Les établissements touristiques marocains vont bientôt faire face à un contrôle inédit : des clients pas tout à fait comme les autres. Le ministère du Tourisme prévoit en effet de déployer, dans les prochains mois, un système d’évaluations surprises menées par des “visiteurs mystère”, dans le cadre d’un nouveau dispositif de contrôle qualité. C’est ce que révèle le média Medias24.
L’idée est simple : vérifier, de façon anonyme et sans préavis, si les prestations offertes par les hôtels, notamment ceux affichant trois étoiles et plus sont conformes aux standards annoncés.
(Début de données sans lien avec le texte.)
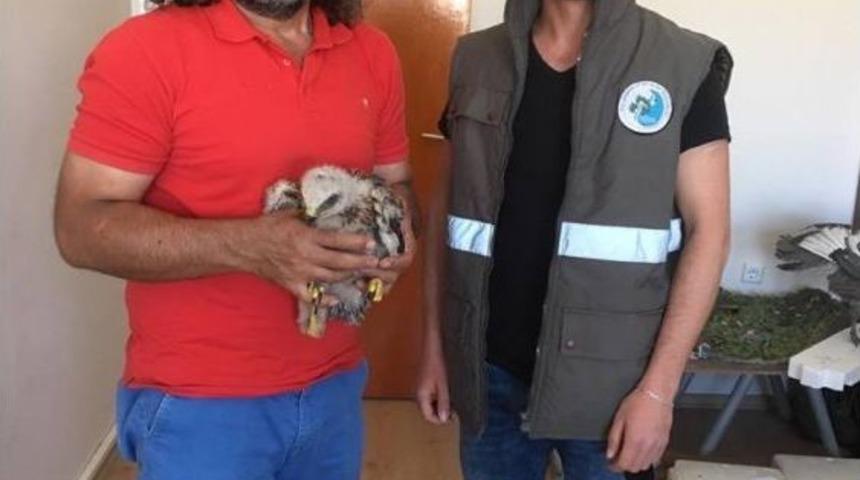 Yuvadan D&uuml;şen Kızıl Şahine Devlet Koruması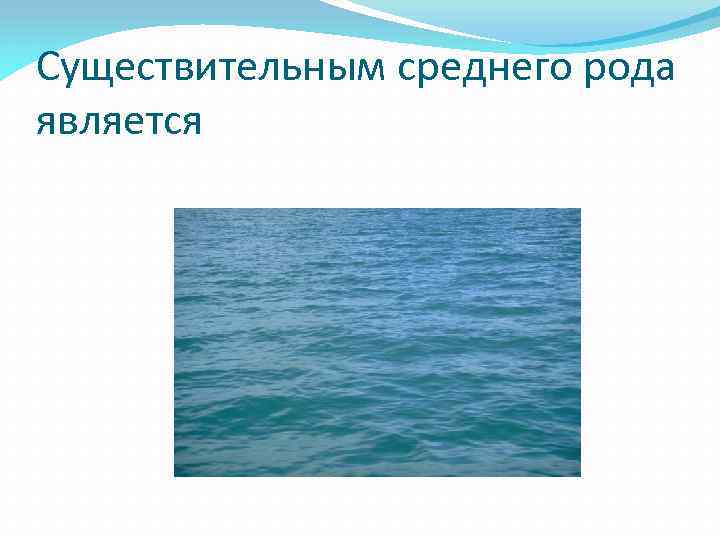 Существительным среднего рода является 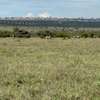 Land in Mombasa Road thumb 15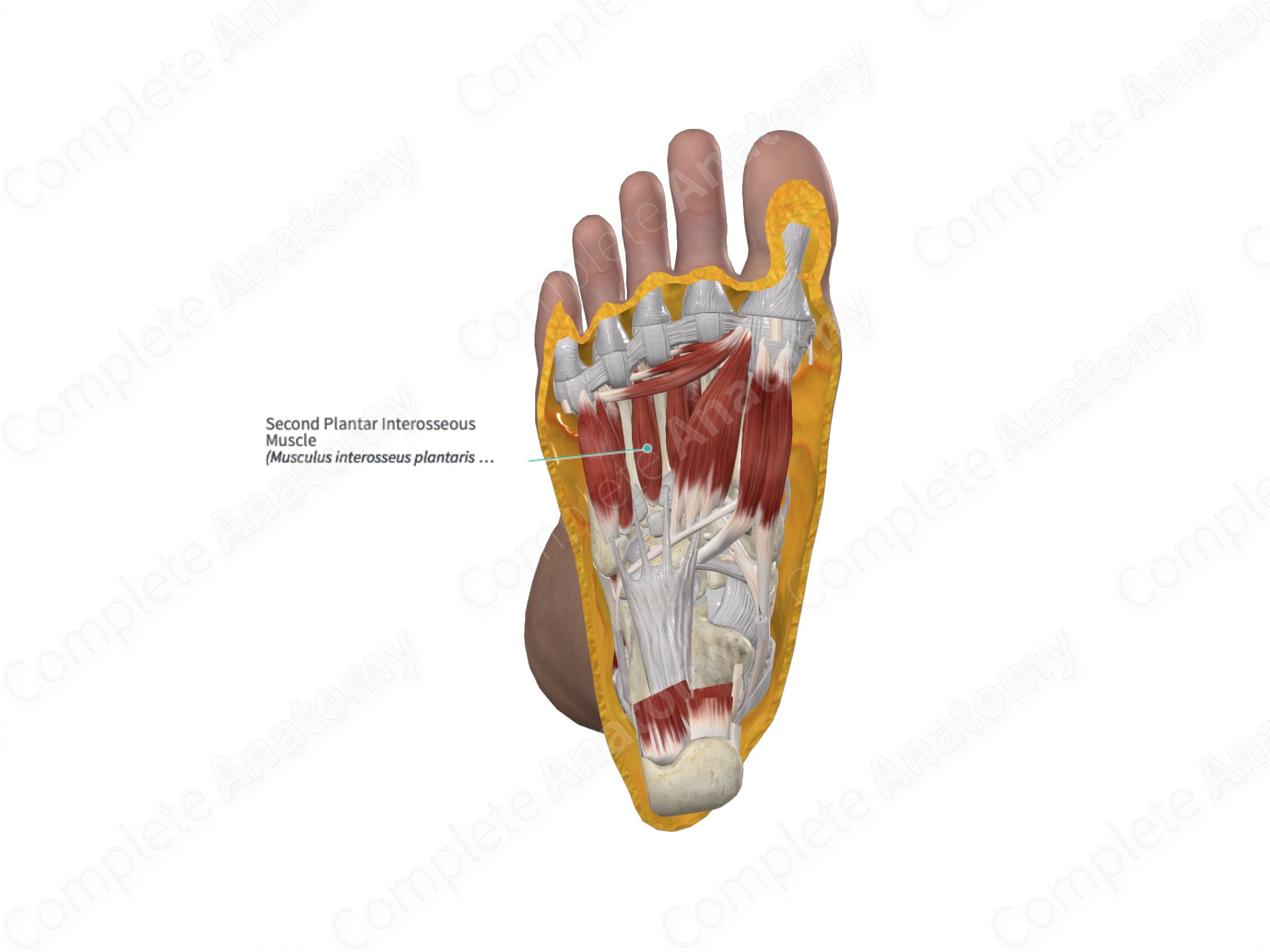 Second Plantar Interosseous Muscle | Complete Anatomy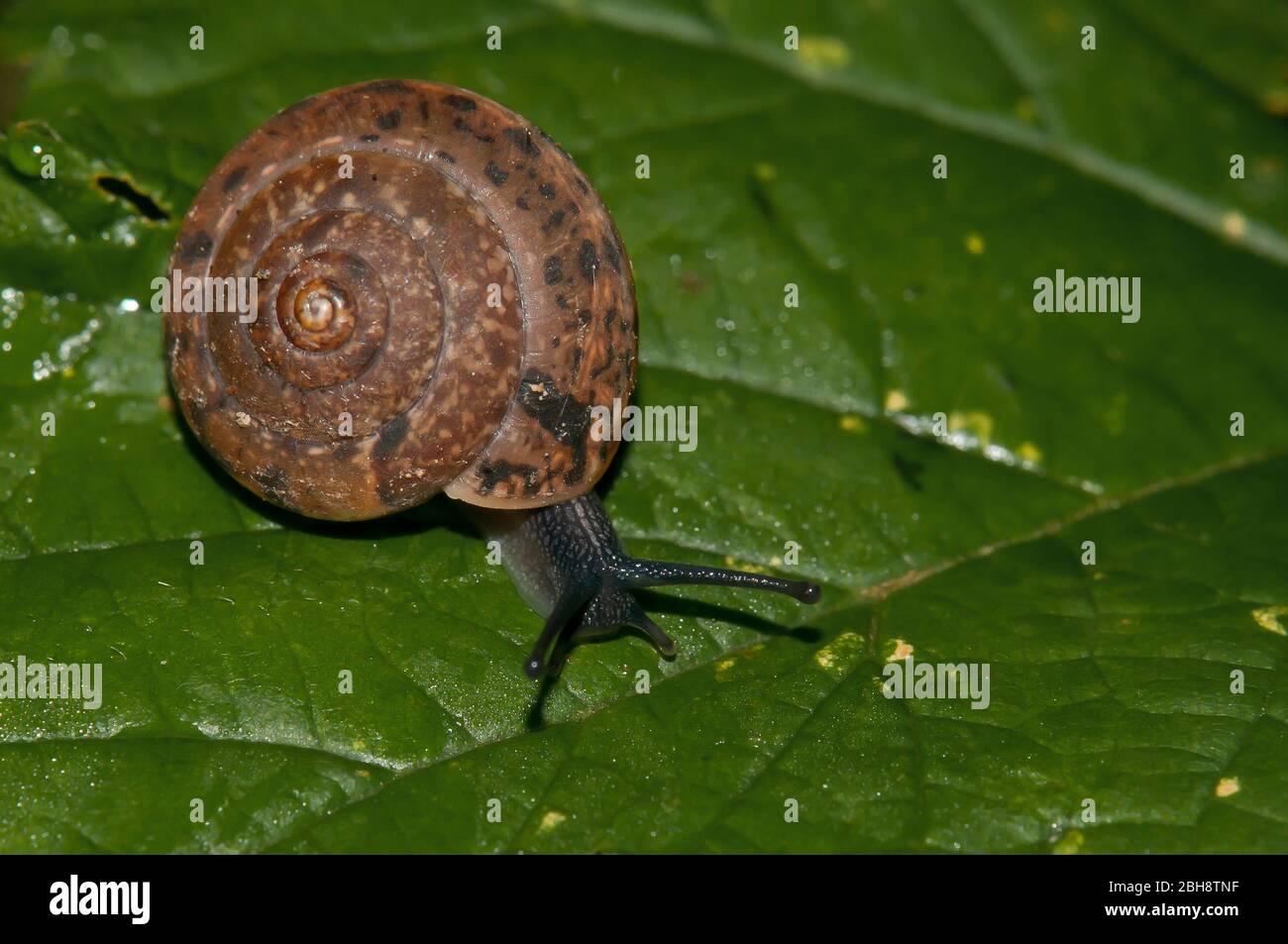 Red snail, Monachoides incarnatus, crawling on leaf, Bavaria, Germany Stock Photo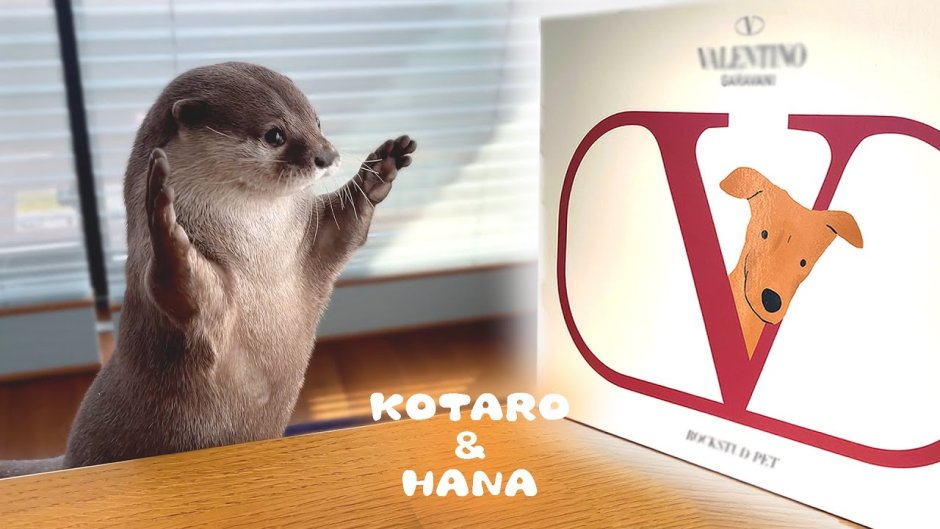 Выдра Котаро
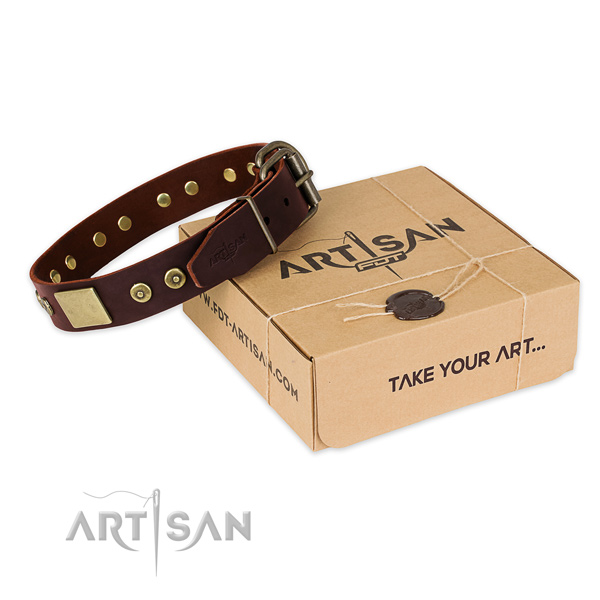 Strong adornments on dog collar for easy wearing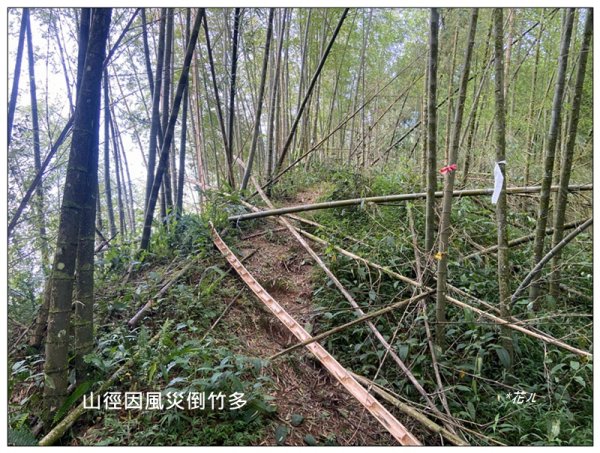 樟空倫山、大崙頭山、貓冬望山、民眾坪山 連走2839049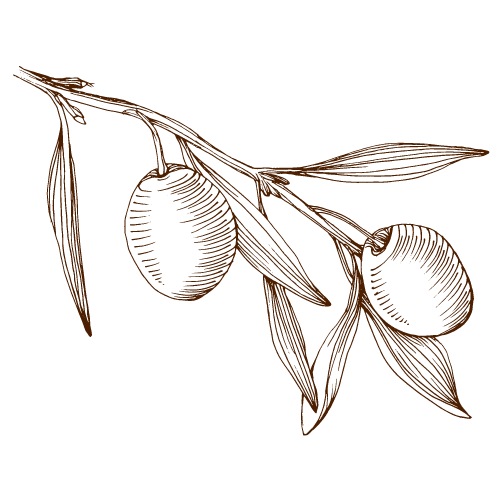 olive branch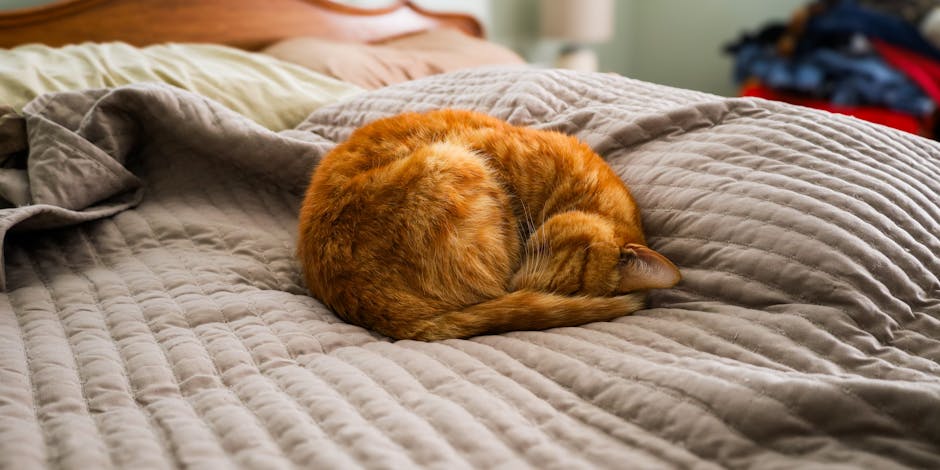 Stop Snoring Tonight: Proven Remedies For A Peaceful Night&039;s Sleep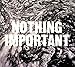 Nothing Important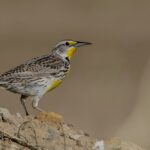 Western Meadowlark (image by Paul van Giersbergen)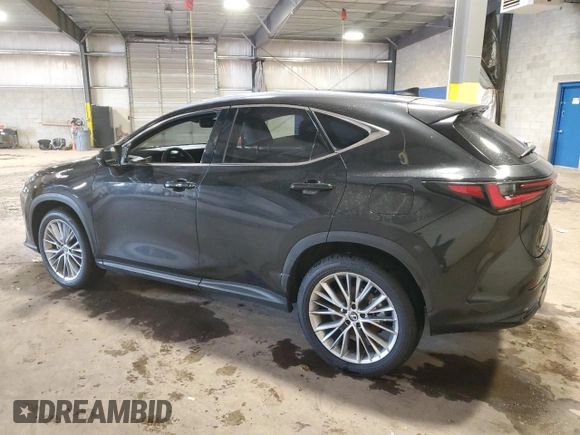 2024 Lexus NX 350 Luxury with VIN 2T2HGCEZ7RC034667, listed as a Copart auction lot 59150195 with 16,675 mi miles and Salvage title. Bid and sale history available at DreamBid. Image 2.
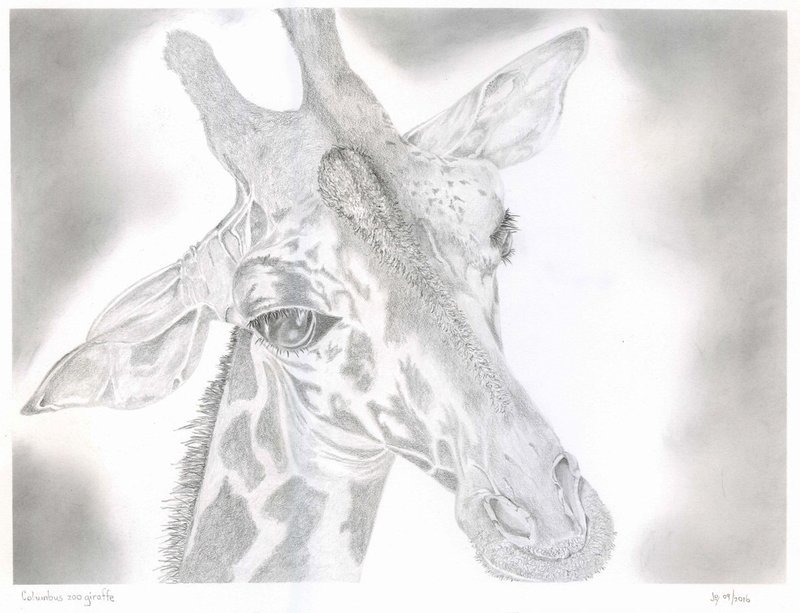 Columbus Zoo Giraffe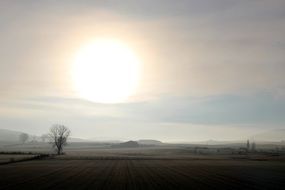 foggy morning over arable field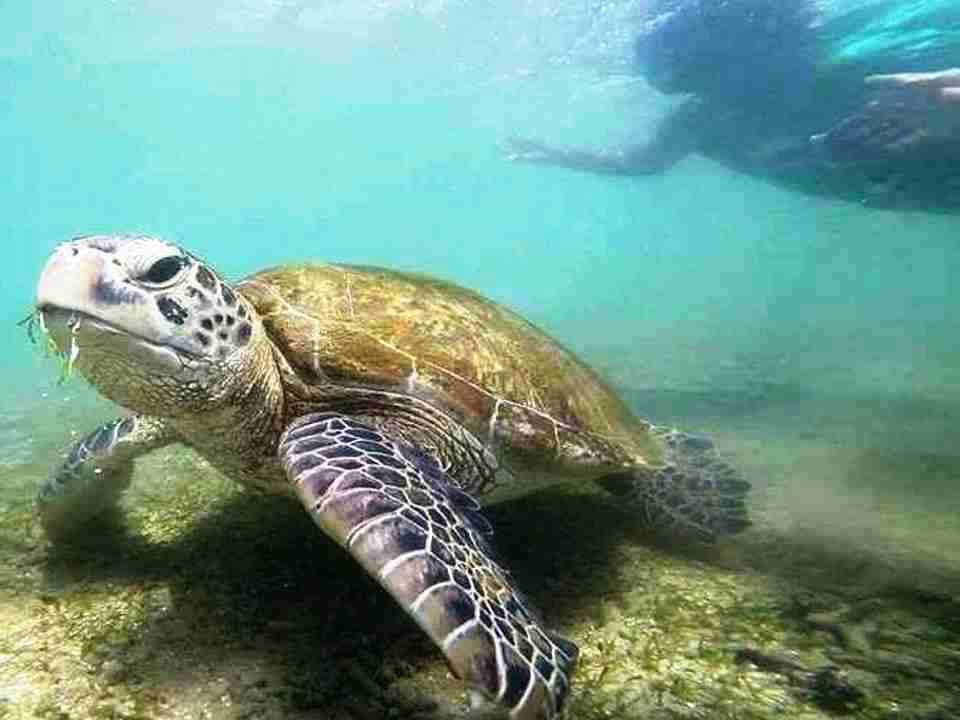 Snorkel Safari Adventures Come Snorkelling Sri Lanka Style Madiha Polhena South Coast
Une manière de confronter la promesse à la réalité du terrain.
Pas de sanction immédiate, mais une alerte en cas d’insatisfaction : les rapports de ces clients incognito serviront à alerter les établissements où des manquements sont constatés. Ceux-ci auront ensuite droit à une seconde, voire une troisième chance, avant toute décision officielle.
Pour la phase initiale, le ministère fera appel à des spécialistes internationaux en audit hôtelier. Mais dès 2027, des équipes marocaines formées à cet effet prendront le relais, dans une logique de partage des responsabilités à parts égales.
Ce dispositif s’appuie sur une récente évolution législative. La loi 80.14, adoptée par le Parlement et publiée au Bulletin officiel le 27 mai dernier, prévoit une modernisation globale de la gestion et de l’évaluation des structures d’hébergement, qu’elles soient classées ou non.
Un projet qui ne fait pas l’unanimité dans le secteur. Certains professionnels jugent injuste qu’un seul passage surprise puisse influer sur le sort d’un établissement. Ils suggèrent l’introduction d’une première visite “à blanc”, pour permettre aux structures concernées d’ajuster leur service avant le verdict.
Autre point de crispation : l’absence des plateformes comme Airbnb dans le champ d’application de la loi. Or, ces offres de logement représentent une part croissante des nuitées touristiques au Maroc. Plusieurs acteurs réclament un cadre juridique adapté qui leur permettrait d’être officiellement classés, de payer leurs taxes locales et de bénéficier des mêmes droits que les hôtels.